Accessing LMS and other devices in your home from everywhere in an easy, realiable and secure manner

10.11.2023


For quite some time I have been looking for a way to remotely connect to devices in my home network in a reliable and safe manner. My main goal was to stream music from my Logitech/Lyrion Media Server (LMS). I discovered a lot of different solutions during my research, including Open VPN, Wiregurad, Fritzbox with myfritz, port forwarding, DynDNS, Portmappers, SSH-Tunneling and others. All of them work to some extent, but not without producing new problems including the need for an assigned IPv4 address, the inability to use IPv6 from the network my device was connected to, safety issues and other minor and major annoyances.
Being absolutely certain that there must be a user friendly, easy, secure and reliable solution out there I kept looking until I finally found it: Tailscale is offering all of the above and does so even for free.

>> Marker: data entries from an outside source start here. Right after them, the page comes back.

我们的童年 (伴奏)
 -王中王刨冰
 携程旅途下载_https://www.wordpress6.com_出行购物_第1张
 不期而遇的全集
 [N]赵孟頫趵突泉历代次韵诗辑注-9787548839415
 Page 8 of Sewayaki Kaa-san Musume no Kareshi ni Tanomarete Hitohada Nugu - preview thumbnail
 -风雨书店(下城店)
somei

Along the way I realized that there are a lot of people looking for reliable remote access to LMS and other services in their home network while the necessary information is scattered along several sites, blogs and messaging boards. Thus I decided to collect all the info at one place so that you can stream your music everywhere via LMS, too.
There are a few prerequisites though:

  • You already have your LMS set up and running. I am using LMS version 8.4 together with max2play on a Raspberry Pi 3 with a HDD connected to it.
  • You have basic knowledge about Linux and the terminal.
  • You can set up a Raspberry Pi.
  • You have basic knowledge about network administration and can set up your home network (using the GUI of your router for example)
  • Your Upstream is suitable für streaming music

If all of the above is true, the next steps are easy. If you need to get familiar with one or more of these things, there are a lot of resources that you can find with some googleing.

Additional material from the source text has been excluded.